Um retrato da Cultura Brasileira da Era Vargas ao Regime Militar
1. UM RETRATO DA CULTURA DO BRAISL DA ERA
VARGAS AO REGIME MILITAR
A Cultura na Era Vargas
Apesar do forte controle do DIP (Departamento de Imprensa e Propaganda), o Brasil
conheceu uma intensa vida artística e cultura nos anos 1930 e 1940. O rádio, com seus programas
de auditórios, musicais e novelas, tornou-se um dos divertimentos preferidos da população. O
Repórter Esso e o programa oficial, A Hora do Brasil, eram responsáveis pelas notícias do país e
do mundo. O segundo foi usado insistentemente na propaganda e na veiculação das ideias do
regime. Além disso, o rádio representou um importante veículo para a divulgação da música
popular brasileira. Cantores como Orlando Silva, Francisco Alves, Vicente Celestino, Carmem
Miranda, Emilinha Borba, Marlene e muitos outros se popularizaram graças às ondas do rádio.
A valorização do samba deu-se em virtude do rádio, dos desfiles oficiais das escolas e dos
bailes nos clubes. Dorival Caymmi passou a ser reconhecido nacionalmente. Ary Barroso também
fez sucesso. A Rádio Nacional colocou no ar uma das futuras paixões nacionais: a novela.
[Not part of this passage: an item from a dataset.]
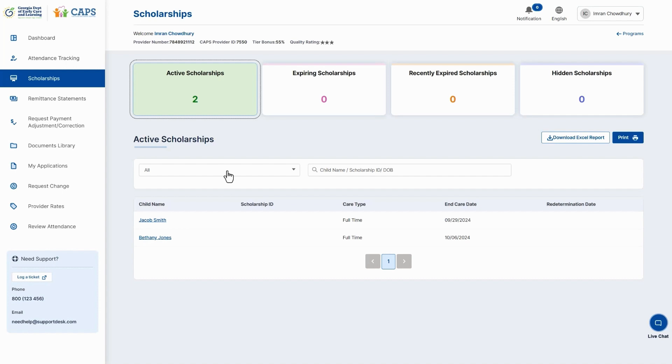You can also filter your scholarships by using the filter bar on top of the child list or entering a child's name, date of birth, or scholarship ID in the search bar. Make use of the search feature to find specific scholarships by entering the child's name, scholarship ID, or date of birth.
Na literatura, importantes obras foram lançadas, tais como “Vidas Secas”, de Graciliano
Ramos; “A estrela sobe”, de Marques Rebelo; “Perto do coração selvagem”, de Clarice Lispector; e
“Terras do sem fim”, de Jorge Amado.
O arquiteto Oscar Niemeyer, cujo projeto arquitetônico mais famoso é Brasília, colocou em
prática suas ideias inovadoras com a construção do Conjunto da Pampulha, em Belo Horizonte,
contratada pelo então prefeito Juscelino Kubitschek.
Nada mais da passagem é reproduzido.